When we compare ourselves, we judge ourselves against others.
But we are all so different, so comparing yourself to someone else is just useless.
All this does is cause pain, turmoil and frustration.
Comparison is simply wasted energy, which could be directed to more positive things in life…
…Such as thinking about how great you are as an individual, and how you have so much to offer the world.
What’s more, we have no idea what another person is going through and we have no idea what their full life history looks like.
In other words, we don’t have a total picture of their lives.
While it might look like someone has ‘everything’ we want from the outside, we don’t know their real story!
If you find yourself falling into the comparison trap – whether on social media or in your social circle – pull back to protect your wellbeing.
9) You’re clinging on to a false idea of yourself
Society loves to label us and put us in boxes.
Maybe your parents, teachers or people around you told you who and what you should be from a young age…

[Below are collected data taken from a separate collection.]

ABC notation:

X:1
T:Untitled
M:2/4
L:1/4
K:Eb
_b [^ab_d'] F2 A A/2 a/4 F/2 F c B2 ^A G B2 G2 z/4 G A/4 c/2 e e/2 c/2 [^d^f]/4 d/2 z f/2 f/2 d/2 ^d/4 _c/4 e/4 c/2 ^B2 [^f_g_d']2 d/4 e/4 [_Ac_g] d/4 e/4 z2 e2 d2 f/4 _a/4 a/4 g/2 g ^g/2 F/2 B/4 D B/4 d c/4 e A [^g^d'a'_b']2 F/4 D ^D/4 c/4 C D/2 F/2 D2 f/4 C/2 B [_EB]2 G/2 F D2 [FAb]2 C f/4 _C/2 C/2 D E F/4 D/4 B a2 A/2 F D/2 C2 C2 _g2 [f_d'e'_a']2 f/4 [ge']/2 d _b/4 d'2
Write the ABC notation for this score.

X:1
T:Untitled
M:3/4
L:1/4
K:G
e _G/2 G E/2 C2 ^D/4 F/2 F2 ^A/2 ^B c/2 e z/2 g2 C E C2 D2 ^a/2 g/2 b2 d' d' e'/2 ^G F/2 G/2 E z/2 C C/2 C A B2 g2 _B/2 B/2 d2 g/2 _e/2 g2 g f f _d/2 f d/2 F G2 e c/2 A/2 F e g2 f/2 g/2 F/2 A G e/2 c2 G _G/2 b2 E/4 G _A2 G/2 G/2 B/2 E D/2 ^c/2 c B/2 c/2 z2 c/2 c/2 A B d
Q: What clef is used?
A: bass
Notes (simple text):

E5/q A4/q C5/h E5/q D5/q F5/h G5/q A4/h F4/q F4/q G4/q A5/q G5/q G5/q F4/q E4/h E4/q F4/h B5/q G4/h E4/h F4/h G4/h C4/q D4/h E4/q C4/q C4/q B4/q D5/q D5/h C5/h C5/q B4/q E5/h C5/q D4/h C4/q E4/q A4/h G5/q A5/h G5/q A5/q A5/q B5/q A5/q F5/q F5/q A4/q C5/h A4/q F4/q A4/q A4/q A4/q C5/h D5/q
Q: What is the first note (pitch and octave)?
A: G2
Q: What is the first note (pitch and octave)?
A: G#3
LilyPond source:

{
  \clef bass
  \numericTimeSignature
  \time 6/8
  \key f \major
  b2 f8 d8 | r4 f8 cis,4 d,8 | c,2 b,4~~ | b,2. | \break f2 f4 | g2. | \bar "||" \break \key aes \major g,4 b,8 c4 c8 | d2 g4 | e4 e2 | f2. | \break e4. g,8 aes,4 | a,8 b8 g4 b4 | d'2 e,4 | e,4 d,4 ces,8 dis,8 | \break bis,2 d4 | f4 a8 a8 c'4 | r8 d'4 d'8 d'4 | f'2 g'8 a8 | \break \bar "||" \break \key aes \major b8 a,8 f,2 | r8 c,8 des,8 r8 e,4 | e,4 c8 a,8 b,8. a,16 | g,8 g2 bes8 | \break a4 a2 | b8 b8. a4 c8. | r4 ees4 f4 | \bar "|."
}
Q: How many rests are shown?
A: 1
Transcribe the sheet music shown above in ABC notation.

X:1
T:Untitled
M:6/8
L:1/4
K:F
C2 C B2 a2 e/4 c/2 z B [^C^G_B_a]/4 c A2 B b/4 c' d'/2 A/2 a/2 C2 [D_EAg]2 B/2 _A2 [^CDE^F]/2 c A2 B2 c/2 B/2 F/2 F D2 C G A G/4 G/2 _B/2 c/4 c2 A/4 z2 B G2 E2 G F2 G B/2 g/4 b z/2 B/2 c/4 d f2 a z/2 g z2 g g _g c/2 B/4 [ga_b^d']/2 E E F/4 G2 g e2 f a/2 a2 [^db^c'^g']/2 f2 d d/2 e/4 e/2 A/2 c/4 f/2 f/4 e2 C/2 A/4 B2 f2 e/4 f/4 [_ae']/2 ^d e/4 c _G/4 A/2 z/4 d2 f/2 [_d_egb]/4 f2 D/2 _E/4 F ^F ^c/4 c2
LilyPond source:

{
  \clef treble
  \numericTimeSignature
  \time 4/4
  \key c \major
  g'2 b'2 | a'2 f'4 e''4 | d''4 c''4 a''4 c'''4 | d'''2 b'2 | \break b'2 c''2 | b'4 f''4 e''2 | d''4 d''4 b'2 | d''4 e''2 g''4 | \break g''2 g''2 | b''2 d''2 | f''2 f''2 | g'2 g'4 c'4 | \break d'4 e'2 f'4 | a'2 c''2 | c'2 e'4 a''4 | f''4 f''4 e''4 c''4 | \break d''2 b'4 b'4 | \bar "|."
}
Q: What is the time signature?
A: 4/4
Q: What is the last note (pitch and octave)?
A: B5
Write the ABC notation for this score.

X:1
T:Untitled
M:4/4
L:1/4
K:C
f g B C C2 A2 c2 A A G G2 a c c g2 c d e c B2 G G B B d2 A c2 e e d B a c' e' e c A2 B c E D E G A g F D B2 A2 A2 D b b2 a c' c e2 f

…And perhaps you’ve held that up on a pedestal all of your life.
You might have thought that you’ve needed to be:
A certain weight
In a relationship
If you don’t have the things that other people expected of you then perhaps you don’t believe you’re worthy of love.
What’s more, have you ever thought that all of these labels might keep you from being in your true power and honoring yourself?
You see, when we don’t honor what it is that we truly desire, we do a disservice to ourselves…
…And we tell ourselves that we’re not worthy of the things we really want.
This includes self-love.
In order to move past this, you need to be real about the things that other people want you to be vs. what you actually want to be.
As you honor yourself, you’ll signal that you are worthy of all that you want.
10) Your habits don’t reflect self-love
One reason you could be finding it hard to love yourself could be because your habits don’t reflect self-love.
Simply put: the way you treat yourself isn’t with love.
Being brutally honest, I spent years wishing that I could have self-love while my habits and behaviors were causing me turmoil.
I didn’t nourish my body properly and restricted the foods I ate; I smoked cigarettes and binge-drank alcohol; I filled my mind with rubbish…
…I spent my free time watching mind-numbing television shows and I just felt so flat.
Everything I was doing made me feel bad about myself.
I ended each day feeling rubbish and frustrated with myself for my actions.
This cycle went on for years!
It was only when I consciously started to take note of the things I was doing – and to bring mindfulness to my behaviors – when things started to change.
Looking at your habits requires you to be brutally honest with yourself.
But remember that the uncomfortable is where the good stuff happens!
Love yourself first and everything else falls into place. It may sound conceited or narcissistic to focus on loving yourself first. But it’s not. The point isn’t to believe you’re better than others or to accept things about yourself that you really do need to change.It’s about developing a healthy and nurturing relationship with… you! Loving yourself is about committing to who you are, understanding the many different nuances to your identity, and showing yourself a level of care and intimacy that we usually reserve for others. Make loving yourself each day a priority, it's not selfish, it's healthy.